When Bell died testate in 2017, it was undisputed that Bell never made any payments on the 1992 debt or the 1998 Note, nor had Fitzgerald or JJF ever demanded payment. Bell’s estate was probated, with his wife appointed as personal representative of the estate. Fitzgerald/JJF filed two claims against the estate arising from the 1992 debt and the 1998 note, based on the unpaid principal and accrued interest. The estate opposed allowance of the claims, primarily asserting that the statute of limitations on both had expired long before the claims were filed.
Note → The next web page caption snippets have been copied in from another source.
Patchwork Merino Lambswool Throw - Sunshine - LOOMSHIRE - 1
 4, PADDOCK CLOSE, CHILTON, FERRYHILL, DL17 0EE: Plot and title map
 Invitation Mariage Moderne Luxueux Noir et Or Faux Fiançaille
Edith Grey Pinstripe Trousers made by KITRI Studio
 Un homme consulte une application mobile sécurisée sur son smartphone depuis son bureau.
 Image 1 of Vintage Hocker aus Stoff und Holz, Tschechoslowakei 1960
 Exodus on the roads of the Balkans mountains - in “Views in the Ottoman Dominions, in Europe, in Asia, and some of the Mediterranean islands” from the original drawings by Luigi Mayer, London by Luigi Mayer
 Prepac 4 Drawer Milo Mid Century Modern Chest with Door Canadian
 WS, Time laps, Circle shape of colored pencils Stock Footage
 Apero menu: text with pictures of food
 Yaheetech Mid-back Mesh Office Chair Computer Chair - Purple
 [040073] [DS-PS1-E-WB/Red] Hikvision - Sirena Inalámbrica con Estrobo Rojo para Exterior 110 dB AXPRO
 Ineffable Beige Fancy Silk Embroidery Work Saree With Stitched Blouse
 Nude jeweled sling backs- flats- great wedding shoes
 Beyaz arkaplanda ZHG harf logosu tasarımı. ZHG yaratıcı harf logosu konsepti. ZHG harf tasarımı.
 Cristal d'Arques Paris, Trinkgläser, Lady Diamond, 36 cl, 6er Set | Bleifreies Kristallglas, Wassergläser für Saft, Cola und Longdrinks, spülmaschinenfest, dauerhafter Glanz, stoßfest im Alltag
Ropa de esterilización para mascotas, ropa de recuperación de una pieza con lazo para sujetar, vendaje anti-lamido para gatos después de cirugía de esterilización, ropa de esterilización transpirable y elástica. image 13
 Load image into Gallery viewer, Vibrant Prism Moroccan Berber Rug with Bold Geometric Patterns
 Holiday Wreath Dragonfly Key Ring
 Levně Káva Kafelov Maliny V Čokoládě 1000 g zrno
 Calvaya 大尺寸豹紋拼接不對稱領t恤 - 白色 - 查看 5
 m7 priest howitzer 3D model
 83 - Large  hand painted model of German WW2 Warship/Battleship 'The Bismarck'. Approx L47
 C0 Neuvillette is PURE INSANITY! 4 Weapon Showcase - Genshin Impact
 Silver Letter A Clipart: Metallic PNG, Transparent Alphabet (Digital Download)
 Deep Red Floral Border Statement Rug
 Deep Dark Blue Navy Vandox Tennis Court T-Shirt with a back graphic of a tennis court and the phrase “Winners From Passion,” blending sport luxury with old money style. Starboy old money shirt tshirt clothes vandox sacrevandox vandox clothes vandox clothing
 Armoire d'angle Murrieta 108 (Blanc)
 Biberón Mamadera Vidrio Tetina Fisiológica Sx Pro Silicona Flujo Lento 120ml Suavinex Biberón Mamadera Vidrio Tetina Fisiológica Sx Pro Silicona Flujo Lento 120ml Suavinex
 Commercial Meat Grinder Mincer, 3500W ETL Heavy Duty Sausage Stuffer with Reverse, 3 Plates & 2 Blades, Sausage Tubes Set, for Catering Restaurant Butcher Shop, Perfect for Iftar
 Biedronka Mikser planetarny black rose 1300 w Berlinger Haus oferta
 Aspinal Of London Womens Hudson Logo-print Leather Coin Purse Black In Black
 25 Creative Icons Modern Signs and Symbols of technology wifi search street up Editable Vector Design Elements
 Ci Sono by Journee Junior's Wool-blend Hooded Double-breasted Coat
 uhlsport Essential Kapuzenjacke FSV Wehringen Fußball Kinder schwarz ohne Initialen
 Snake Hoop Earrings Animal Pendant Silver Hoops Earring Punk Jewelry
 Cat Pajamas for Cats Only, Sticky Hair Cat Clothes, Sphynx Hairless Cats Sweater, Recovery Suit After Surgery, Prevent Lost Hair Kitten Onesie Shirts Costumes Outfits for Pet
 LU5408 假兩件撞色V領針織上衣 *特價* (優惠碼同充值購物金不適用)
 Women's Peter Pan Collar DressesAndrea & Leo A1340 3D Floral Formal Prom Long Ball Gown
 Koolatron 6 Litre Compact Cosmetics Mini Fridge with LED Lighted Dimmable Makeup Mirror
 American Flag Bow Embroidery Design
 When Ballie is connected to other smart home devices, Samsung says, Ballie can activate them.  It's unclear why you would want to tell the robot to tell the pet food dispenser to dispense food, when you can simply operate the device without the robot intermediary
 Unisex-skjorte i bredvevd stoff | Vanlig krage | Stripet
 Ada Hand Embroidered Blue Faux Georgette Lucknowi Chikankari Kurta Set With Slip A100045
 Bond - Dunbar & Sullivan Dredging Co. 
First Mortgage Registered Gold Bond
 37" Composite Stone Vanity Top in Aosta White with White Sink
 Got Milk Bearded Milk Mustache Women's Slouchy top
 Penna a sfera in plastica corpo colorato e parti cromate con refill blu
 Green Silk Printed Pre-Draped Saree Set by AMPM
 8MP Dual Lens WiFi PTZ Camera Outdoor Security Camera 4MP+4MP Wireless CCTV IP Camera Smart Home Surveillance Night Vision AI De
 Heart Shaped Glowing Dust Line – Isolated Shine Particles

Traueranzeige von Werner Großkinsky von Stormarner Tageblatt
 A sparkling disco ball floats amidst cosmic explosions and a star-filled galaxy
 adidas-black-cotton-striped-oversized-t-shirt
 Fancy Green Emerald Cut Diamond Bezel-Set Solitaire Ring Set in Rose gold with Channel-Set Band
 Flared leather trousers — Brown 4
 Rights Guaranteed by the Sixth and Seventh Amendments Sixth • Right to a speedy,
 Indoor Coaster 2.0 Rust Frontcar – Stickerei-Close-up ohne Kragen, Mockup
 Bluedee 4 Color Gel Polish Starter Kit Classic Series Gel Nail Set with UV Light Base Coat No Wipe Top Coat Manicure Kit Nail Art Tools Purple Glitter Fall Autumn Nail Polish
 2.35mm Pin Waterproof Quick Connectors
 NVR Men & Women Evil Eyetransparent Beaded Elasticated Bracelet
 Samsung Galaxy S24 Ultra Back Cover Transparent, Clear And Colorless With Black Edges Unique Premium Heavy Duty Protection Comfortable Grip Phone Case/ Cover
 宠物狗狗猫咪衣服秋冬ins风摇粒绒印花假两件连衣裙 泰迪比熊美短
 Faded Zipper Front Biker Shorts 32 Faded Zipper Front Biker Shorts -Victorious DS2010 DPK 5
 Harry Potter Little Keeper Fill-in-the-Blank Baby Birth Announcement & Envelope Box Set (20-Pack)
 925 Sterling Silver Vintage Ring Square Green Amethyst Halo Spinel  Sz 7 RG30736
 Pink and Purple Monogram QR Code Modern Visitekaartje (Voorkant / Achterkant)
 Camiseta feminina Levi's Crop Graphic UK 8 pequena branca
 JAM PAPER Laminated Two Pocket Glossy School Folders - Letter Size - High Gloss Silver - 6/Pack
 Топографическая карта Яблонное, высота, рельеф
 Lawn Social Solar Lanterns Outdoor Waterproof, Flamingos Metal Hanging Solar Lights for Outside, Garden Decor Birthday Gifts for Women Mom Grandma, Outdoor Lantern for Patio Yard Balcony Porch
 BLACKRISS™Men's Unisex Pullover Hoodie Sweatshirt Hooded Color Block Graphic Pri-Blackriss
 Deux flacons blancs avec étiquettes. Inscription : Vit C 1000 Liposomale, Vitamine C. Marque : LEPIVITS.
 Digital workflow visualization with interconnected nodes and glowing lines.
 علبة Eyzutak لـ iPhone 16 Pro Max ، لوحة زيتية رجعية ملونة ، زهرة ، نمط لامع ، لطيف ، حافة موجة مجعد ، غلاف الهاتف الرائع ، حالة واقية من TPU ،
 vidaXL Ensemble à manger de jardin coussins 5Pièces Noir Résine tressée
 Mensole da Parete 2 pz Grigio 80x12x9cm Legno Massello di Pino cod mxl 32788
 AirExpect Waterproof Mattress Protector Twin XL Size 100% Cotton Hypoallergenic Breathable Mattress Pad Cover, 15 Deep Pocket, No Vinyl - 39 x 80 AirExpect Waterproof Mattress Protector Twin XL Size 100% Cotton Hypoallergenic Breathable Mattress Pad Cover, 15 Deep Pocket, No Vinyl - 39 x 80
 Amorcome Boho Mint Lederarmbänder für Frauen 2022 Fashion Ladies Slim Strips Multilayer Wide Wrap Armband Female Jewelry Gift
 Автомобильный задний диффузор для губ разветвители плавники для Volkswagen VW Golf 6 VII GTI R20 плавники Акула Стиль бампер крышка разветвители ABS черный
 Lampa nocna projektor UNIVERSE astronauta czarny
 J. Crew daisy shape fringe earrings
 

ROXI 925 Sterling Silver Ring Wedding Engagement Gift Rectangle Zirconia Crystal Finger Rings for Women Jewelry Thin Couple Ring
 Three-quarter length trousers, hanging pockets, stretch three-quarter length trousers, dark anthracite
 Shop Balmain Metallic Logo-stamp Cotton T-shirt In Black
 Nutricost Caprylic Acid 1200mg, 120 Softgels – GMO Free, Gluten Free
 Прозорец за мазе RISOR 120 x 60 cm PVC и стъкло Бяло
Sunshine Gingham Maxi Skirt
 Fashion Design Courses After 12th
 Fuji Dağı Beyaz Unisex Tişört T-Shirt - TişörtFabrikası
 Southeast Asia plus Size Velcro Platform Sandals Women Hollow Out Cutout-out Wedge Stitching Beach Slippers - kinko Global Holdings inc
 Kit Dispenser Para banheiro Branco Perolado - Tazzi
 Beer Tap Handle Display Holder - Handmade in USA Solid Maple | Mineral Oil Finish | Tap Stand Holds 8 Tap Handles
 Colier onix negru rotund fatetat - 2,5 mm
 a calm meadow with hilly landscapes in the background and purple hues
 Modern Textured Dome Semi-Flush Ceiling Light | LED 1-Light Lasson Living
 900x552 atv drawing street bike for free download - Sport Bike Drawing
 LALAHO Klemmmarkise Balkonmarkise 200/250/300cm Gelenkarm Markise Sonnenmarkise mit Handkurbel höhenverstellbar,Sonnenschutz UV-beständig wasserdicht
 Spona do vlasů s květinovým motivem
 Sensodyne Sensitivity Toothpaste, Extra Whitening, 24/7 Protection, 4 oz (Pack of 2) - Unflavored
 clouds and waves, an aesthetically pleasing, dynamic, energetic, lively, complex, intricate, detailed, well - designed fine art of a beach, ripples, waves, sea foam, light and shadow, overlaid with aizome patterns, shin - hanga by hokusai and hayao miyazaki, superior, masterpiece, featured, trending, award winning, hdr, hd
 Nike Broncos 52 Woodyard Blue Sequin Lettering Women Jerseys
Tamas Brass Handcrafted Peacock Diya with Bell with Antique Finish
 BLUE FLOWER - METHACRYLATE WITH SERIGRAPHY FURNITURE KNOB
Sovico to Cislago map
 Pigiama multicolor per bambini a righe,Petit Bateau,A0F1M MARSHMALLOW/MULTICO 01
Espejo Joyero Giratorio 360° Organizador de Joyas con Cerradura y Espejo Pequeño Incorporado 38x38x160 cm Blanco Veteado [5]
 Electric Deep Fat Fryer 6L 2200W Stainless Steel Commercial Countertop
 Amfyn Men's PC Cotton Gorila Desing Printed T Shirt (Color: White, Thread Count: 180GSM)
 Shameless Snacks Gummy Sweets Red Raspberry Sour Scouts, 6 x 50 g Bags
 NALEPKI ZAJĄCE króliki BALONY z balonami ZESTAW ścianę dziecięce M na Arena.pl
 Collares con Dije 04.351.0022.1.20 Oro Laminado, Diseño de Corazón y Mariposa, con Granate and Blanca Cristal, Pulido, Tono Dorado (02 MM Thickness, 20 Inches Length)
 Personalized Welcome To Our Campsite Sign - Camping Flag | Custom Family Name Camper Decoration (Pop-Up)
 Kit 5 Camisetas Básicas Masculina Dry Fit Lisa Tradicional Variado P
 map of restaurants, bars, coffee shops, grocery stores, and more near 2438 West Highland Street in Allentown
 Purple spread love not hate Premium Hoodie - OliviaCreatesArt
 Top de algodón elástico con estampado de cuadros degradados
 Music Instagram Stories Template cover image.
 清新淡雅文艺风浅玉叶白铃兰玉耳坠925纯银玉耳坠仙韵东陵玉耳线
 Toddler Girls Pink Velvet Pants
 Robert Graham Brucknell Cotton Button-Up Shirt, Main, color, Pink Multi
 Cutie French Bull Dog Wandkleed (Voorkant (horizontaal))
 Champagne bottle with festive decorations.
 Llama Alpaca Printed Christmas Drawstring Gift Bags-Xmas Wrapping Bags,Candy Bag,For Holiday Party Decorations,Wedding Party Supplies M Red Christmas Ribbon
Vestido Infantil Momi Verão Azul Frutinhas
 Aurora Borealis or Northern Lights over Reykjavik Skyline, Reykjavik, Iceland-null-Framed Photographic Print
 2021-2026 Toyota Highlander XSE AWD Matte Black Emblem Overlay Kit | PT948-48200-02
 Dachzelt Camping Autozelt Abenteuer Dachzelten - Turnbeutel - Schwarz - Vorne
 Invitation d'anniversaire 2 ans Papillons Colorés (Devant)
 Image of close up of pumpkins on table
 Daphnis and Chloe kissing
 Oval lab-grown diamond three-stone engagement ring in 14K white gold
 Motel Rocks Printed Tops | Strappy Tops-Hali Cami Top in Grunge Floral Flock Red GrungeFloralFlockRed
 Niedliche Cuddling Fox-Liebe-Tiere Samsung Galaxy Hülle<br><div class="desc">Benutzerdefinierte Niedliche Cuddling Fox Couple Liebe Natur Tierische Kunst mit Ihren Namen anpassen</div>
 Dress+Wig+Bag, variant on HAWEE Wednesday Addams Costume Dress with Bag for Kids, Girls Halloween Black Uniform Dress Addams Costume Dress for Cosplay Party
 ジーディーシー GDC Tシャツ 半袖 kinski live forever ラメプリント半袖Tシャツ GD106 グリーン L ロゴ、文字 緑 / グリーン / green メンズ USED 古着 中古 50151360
The applicable statute of limitations for a demand note set forth in Section 3-118(b) of the Commercial Law Article (Maryland’s version of the UCC), is six years from demand and, if no demand was made, ten years from the last payment of principal or interest on the note.

Responding to the estate’s summary judgment motion based on expiration of the statute of limitations, JJF argued that the statute was tolled based on several theories, focusing primarily on a fiduciary relationship between Bell and JJF, which made the discovery rule applicable. The discovery rule, developed by caselaw in Maryland, says generally that a cause of action does not accrue until the claimant has knowledge that a wrong has occurred for which he has a remedy. As argued by JJF, because Bell was JJF’s attorney, it did not realize it had been “wronged” when Bell did not pay on the 1998 Note.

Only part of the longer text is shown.